The dynamical state of the first hydrostatic core candidate Chamaeleon-MMS1^⋆

¹ Max-Planck-Institut für Radioastronomie, Auf dem Hügel 69, 53121 Bonn, Germany
e-mail: atsitali@mpifr-bonn.mpg.de
² Laboratoire de radioastronomie, UMR 8112 du CNRS, École Normale Supérieure et Observatoire de Paris, 24 rue Lhomond, 75231 Paris Cedex 5, France

Received: 31 January 2013
Accepted: 10 June 2013

Abstract

Context. First hydrostatic cores represent a theoretically predicted intermediate evolutionary link between the prestellar and protostellar phases. Studying the observational characteristics of first core candidates is therefore vital for probing and understanding the earliest phases of star formation.

Aims. We aim to determine the dynamical state of the first hydrostatic core candidate Chamaeleon-MMS1 (Cha-MMS1).

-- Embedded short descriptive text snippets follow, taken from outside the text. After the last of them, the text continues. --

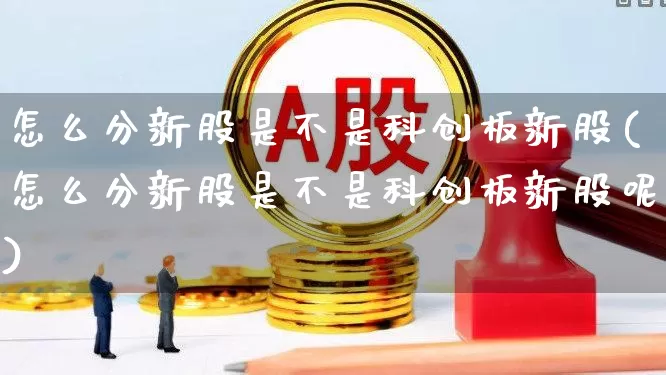 怎么分新股是不是科创板新股(怎么分新股是不是科创板新股呢)_https://www.ccit-cctv.com_北交所_第1张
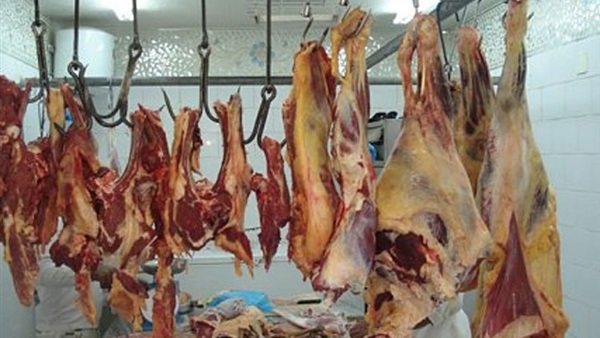 صورة ارشيفية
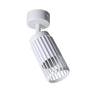 Foco de techo orientable Sahara CristalRecord 43-211-11-100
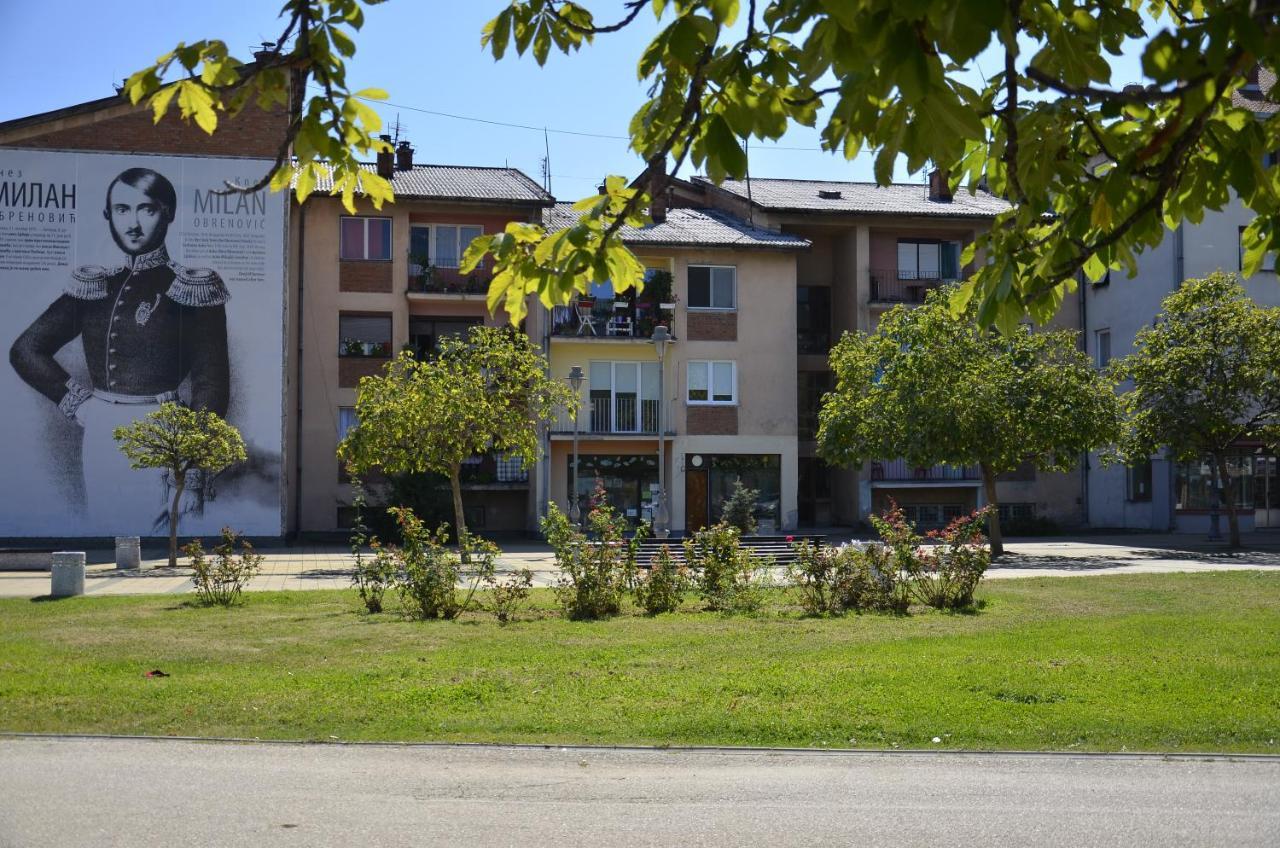 Apartman Terassa Donji Milanovac Dış mekan fotoğraf
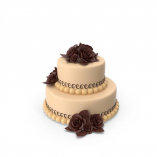 Two Tiered Cake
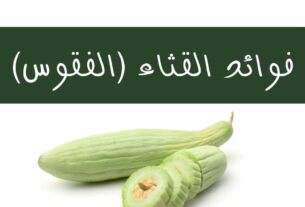 فوائد القثاء , فوائد الفقوس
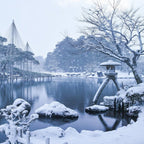 私家团｜金泽古城艺境巡游 1日游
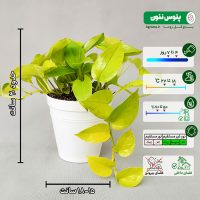 پک 4 عددی گیاه پتوس - تصویر 5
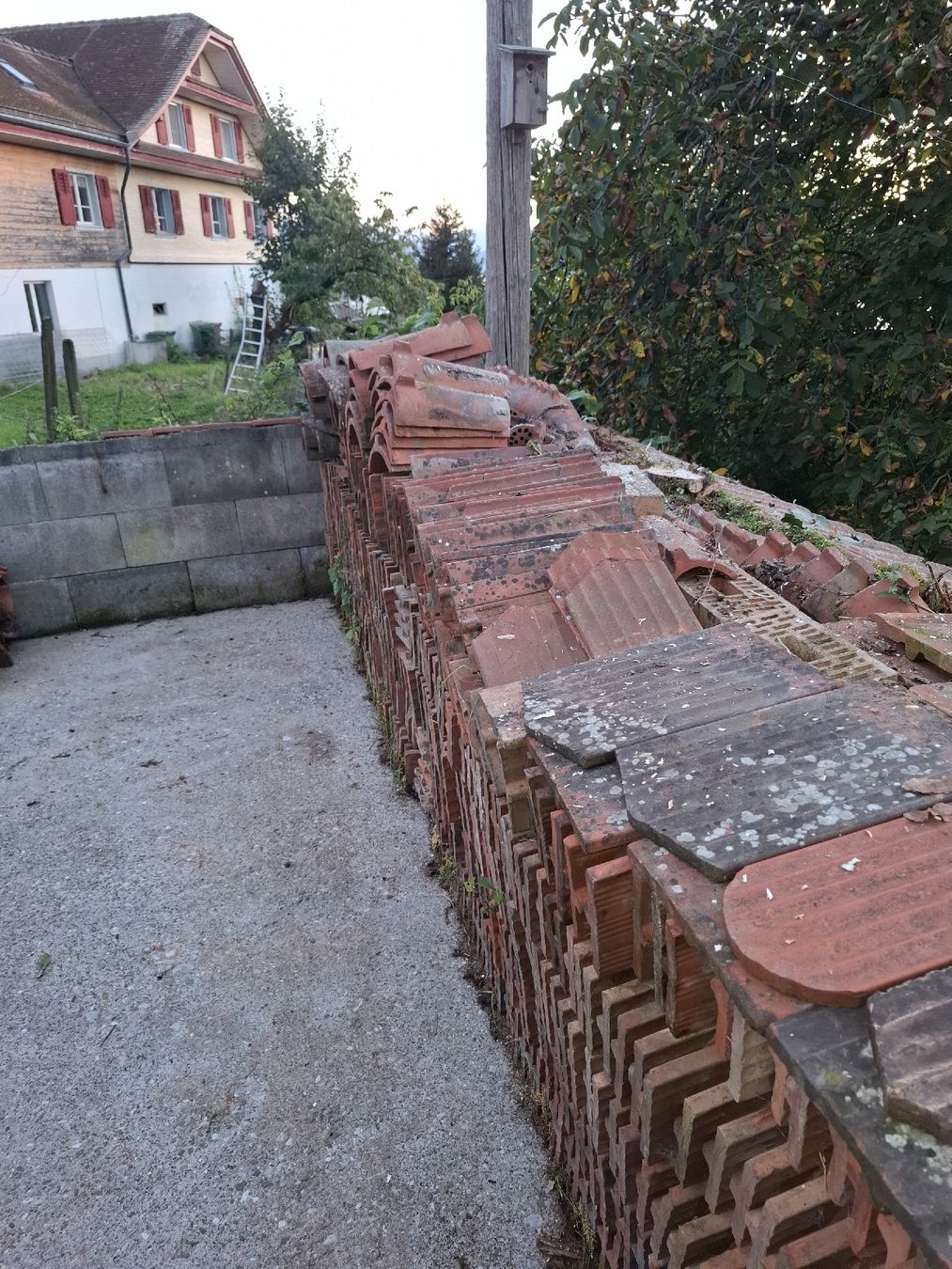 Steine & Dachziegeln: Grosse Menge Dachziegel, Ziegel, gebraucht – Gebraucht aus Greppen von chrigel-1 2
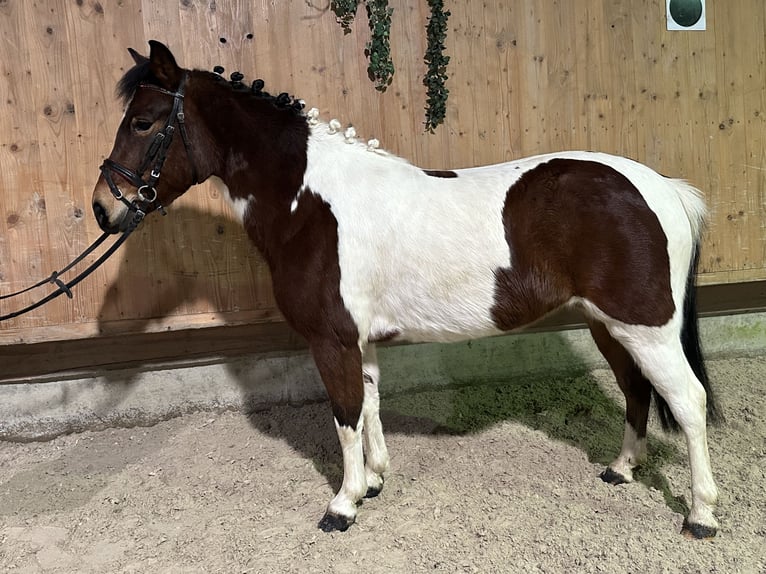 Lewitzer Mix Mare 8 years 12,2 hh Pinto in Riedlingen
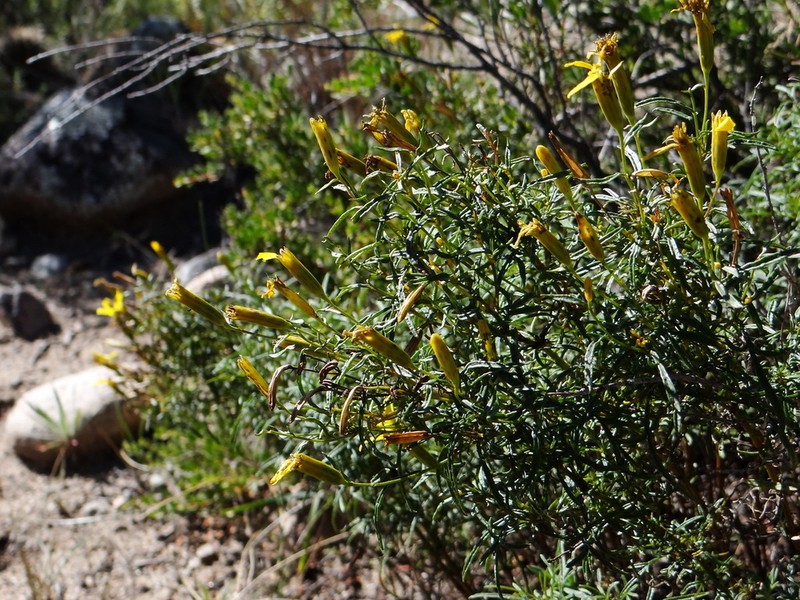 Tagetes pauciloba photo 8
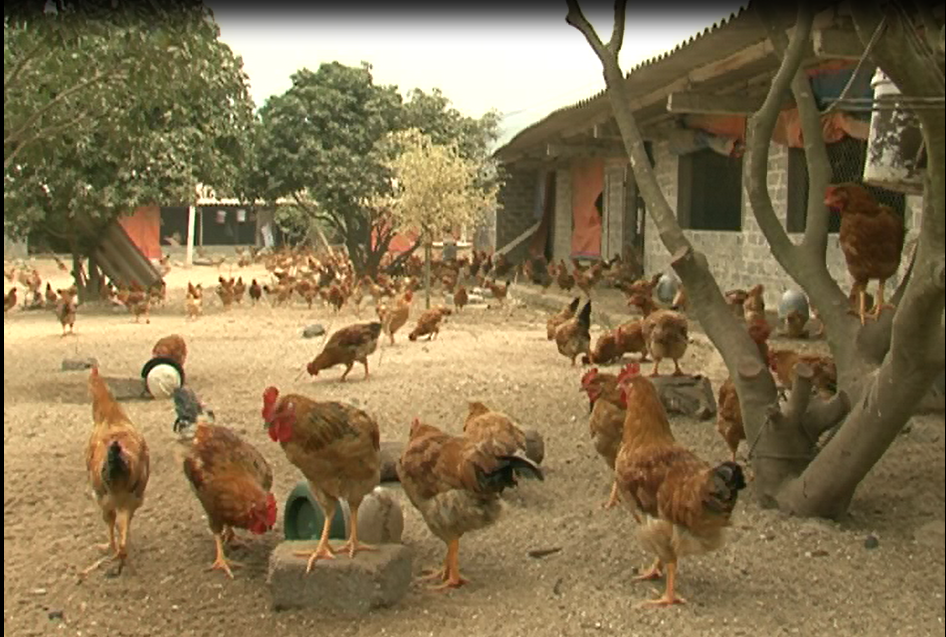 Kết quả hoạt động Khoa học công nghệ tỉnh Hải Dương những năm gần đây và định hướng những năm tới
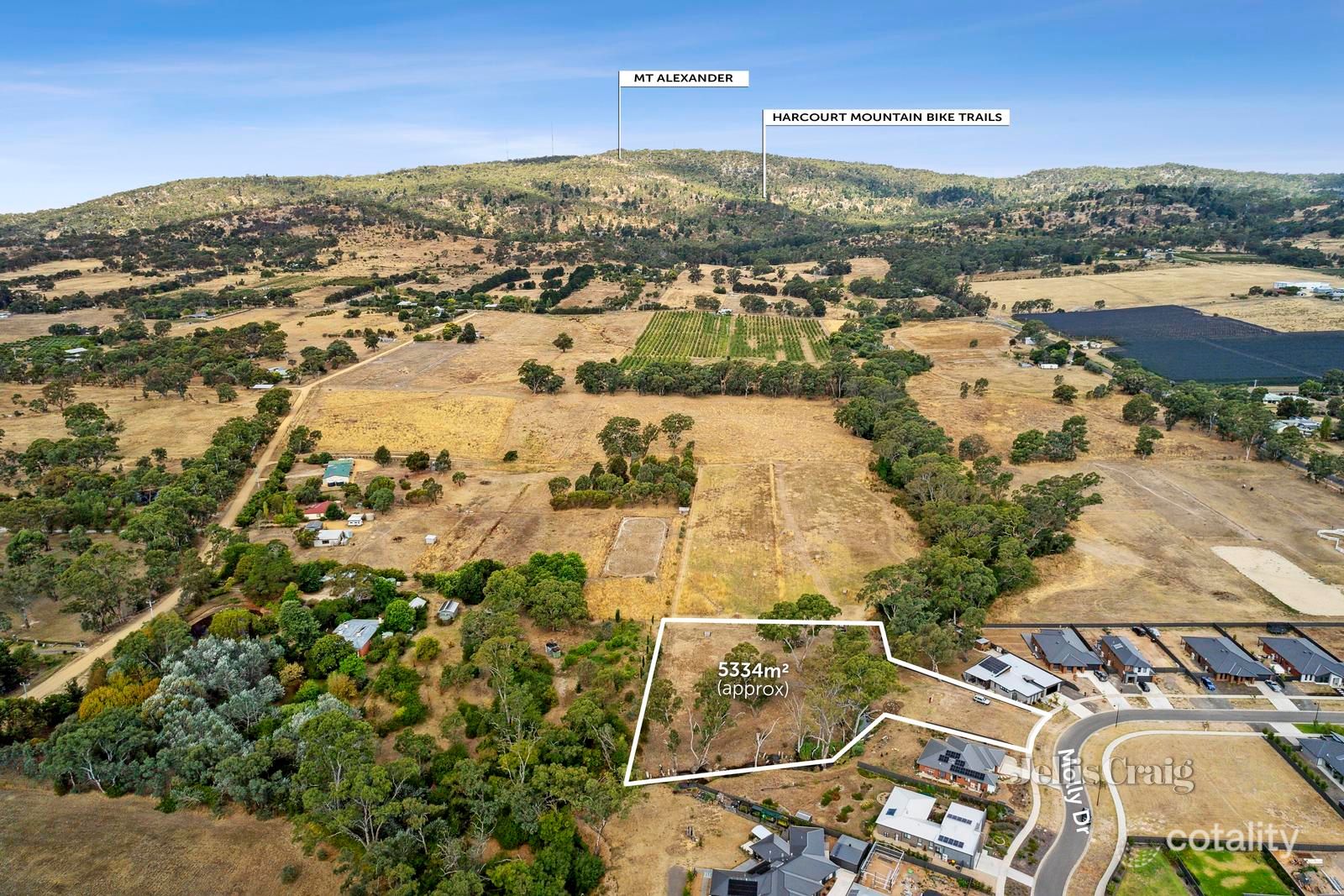 20 Molly Dr, Harcourt, VIC 3453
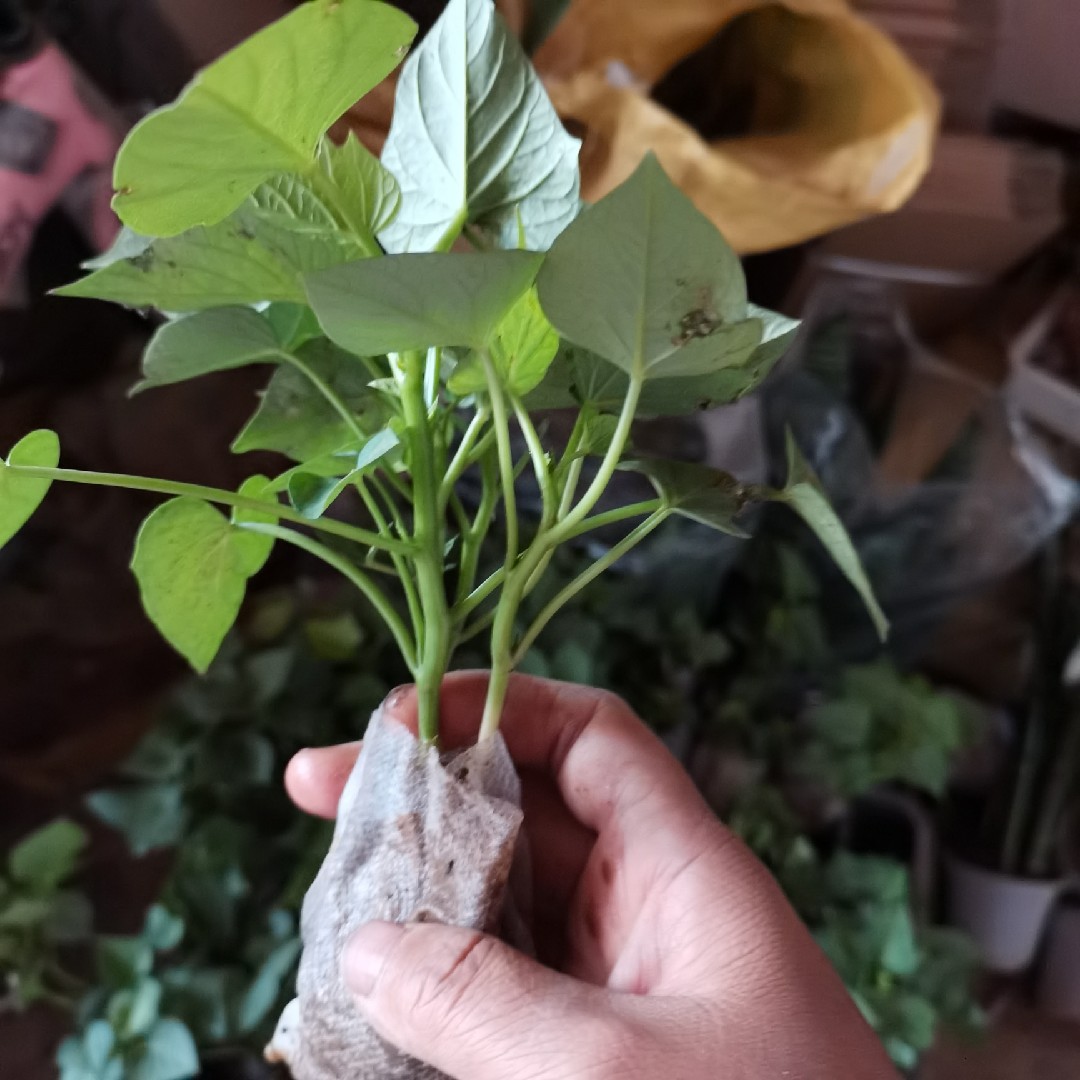 杯苗番薯庭院红薯叶红薯种植植苗地瓜屋顶绿植绿植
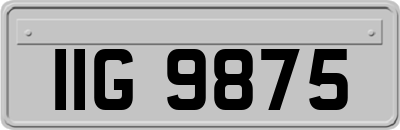 IIG9875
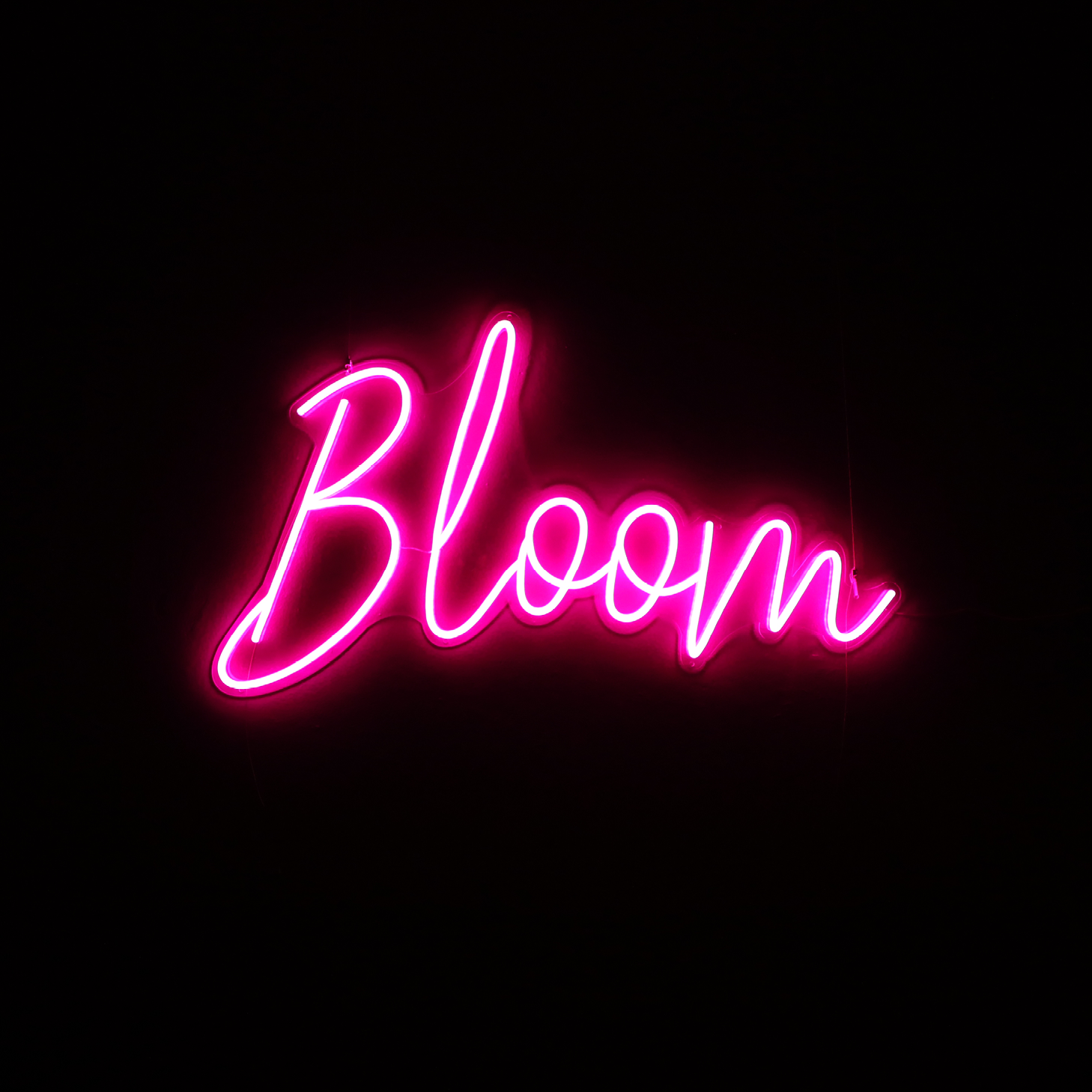 Bloom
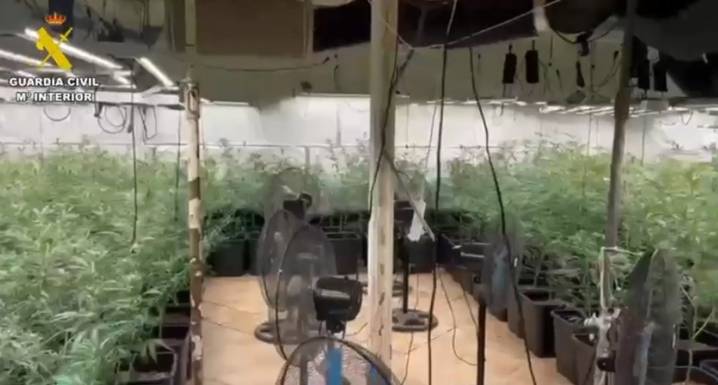 Dos detenidos en un pueblo de Toledo por un cultivo 'indoor' de más de 300 plantas de marihuana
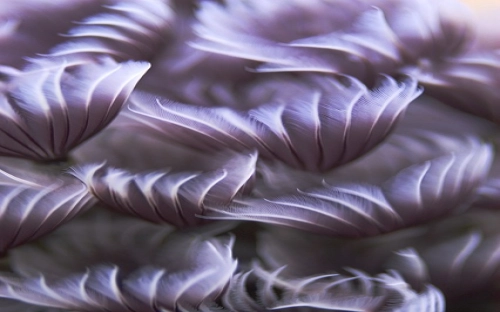 语文教研组2009~2010第一学期工作总结-春林公文网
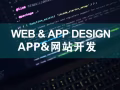 20年行业经验 | Website/网站建设、APP&dAP/软件开发、SEO网络推广，名片菜单设计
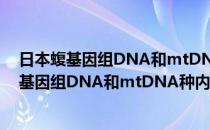 日本蝮基因组DNA和mtDNA种内变异的研究(对于日本蝮基因组DNA和mtDNA种内变异的研究简单介绍)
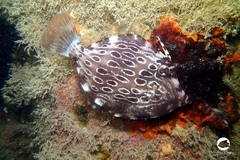 Eubalichthys mosaicus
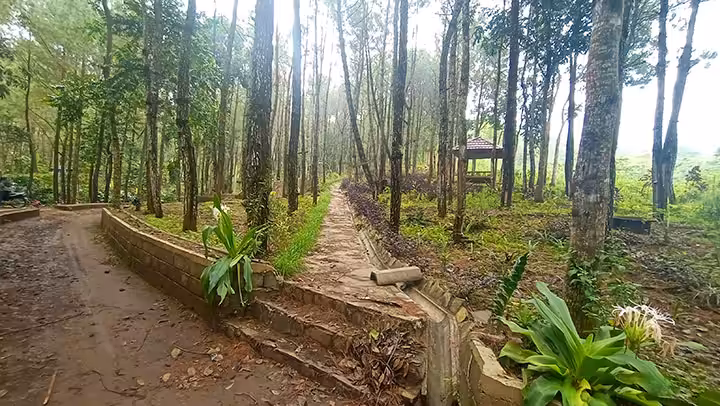 Bukit Salju Ngetos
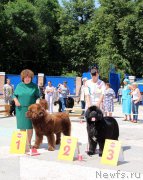 Превью фото № 184796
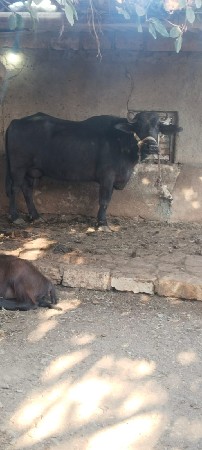 ભેંશ વેચવાની છે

Methods. We observed Cha-MMS1 in various molecular transitions with the APEX and Mopra telescopes. Continuum data retrieved from the Spitzer Heritage Archive were used to estimate the internal luminosity of the source. The molecular emission was modelled with a radiative transfer code to derive constraints on the kinematics of the envelope, which were then compared to the predictions of magneto-hydrodynamic simulations.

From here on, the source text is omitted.